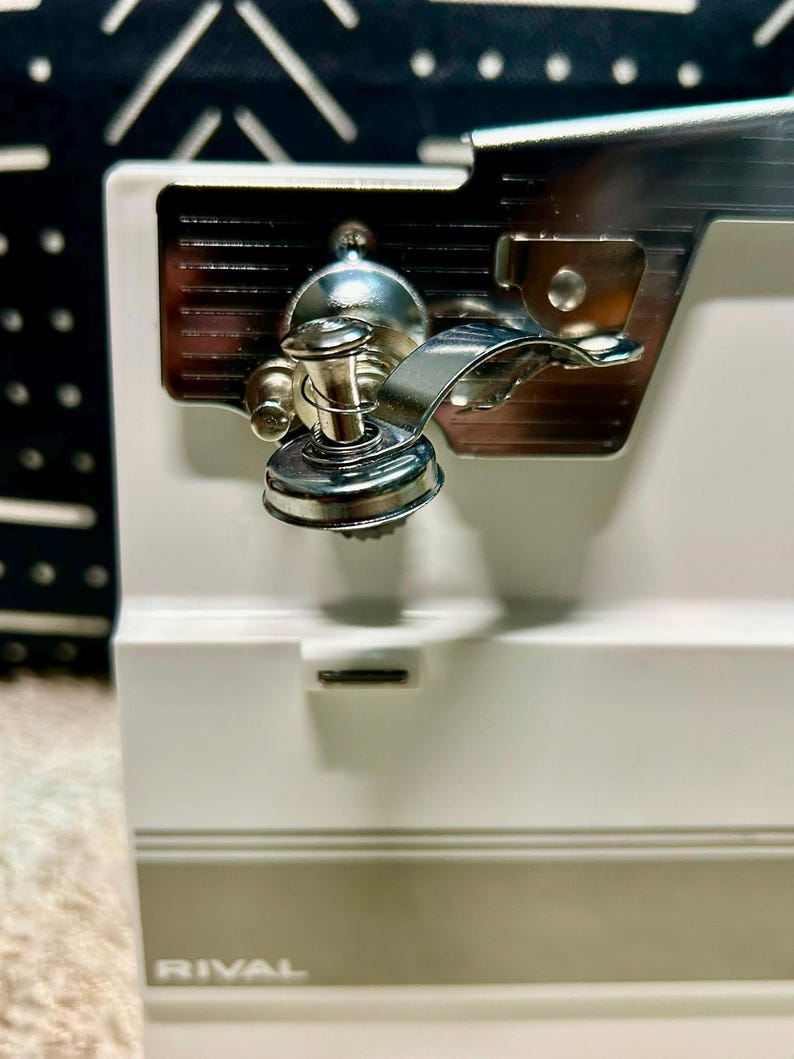 May include: A white electric can opener with a metallic cutting mechanism and a magnetic lid lifter. The device features a horizontal gray stripe near the base and the brand name RIVAL printed in white lettering on the lower front section.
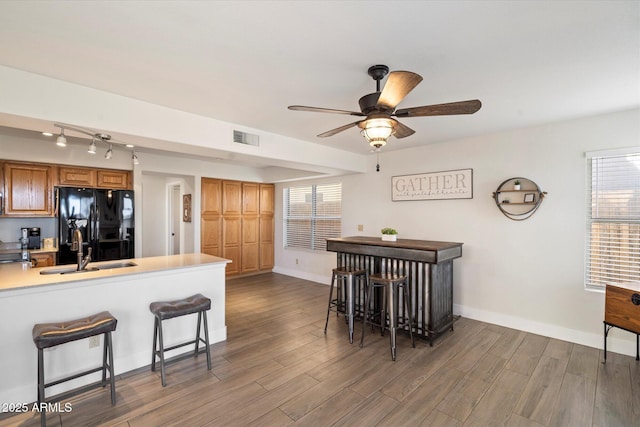 kitchen featuring sink, a breakfast bar area, black fridge with ice dispenser, and kitchen peninsula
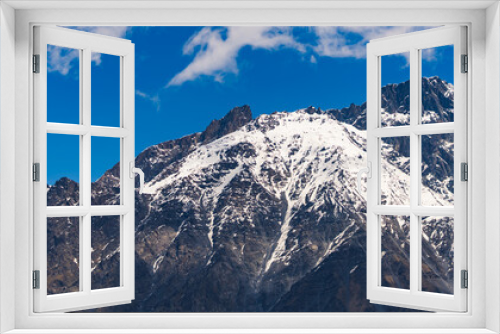 Fototapeta Naklejka Na Ścianę Okno 3D - panorama of beautiful and snowy Caucasus mountains in the sunny weather, Kazbegi, Georgia. High quality photo
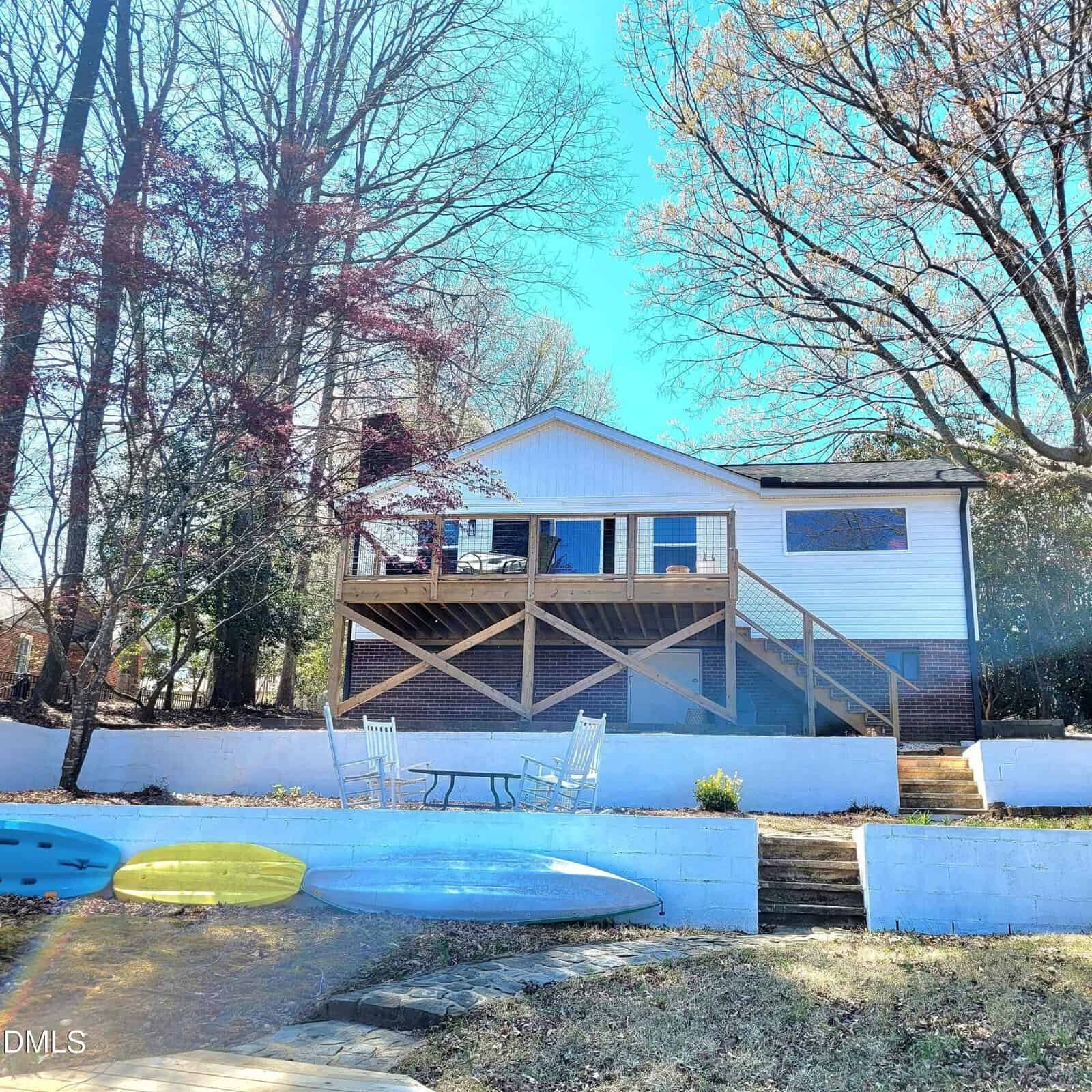 A white house with a raised wooden deck and stairs sits behind a terraced yard at 635 Sagamore Drive in Louisburg, featuring two white chairs and a small table. Two kayaks rest on the grass near a stone path. Leafless trees surround the area under a clear blue sky.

== Task to complete ==
Send back the data above verbatim, leaving out its pictures.

== Result of this task ==
 May include: A white electric can opener with a metallic cutting mechanism and a magnetic lid lifter. The device features a horizontal gray stripe near the base and the brand name RIVAL printed in white lettering on the lower front section.
 kitchen featuring sink, a breakfast bar area, black fridge with ice dispenser, and kitchen peninsula
 Fototapeta Naklejka Na Ścianę Okno 3D - panorama of beautiful and snowy Caucasus mountains in the sunny weather, Kazbegi, Georgia. High quality photo
 A white house with a raised wooden deck and stairs sits behind a terraced yard at 635 Sagamore Drive in Louisburg, featuring two white chairs and a small table. Two kayaks rest on the grass near a stone path. Leafless trees surround the area under a clear blue sky.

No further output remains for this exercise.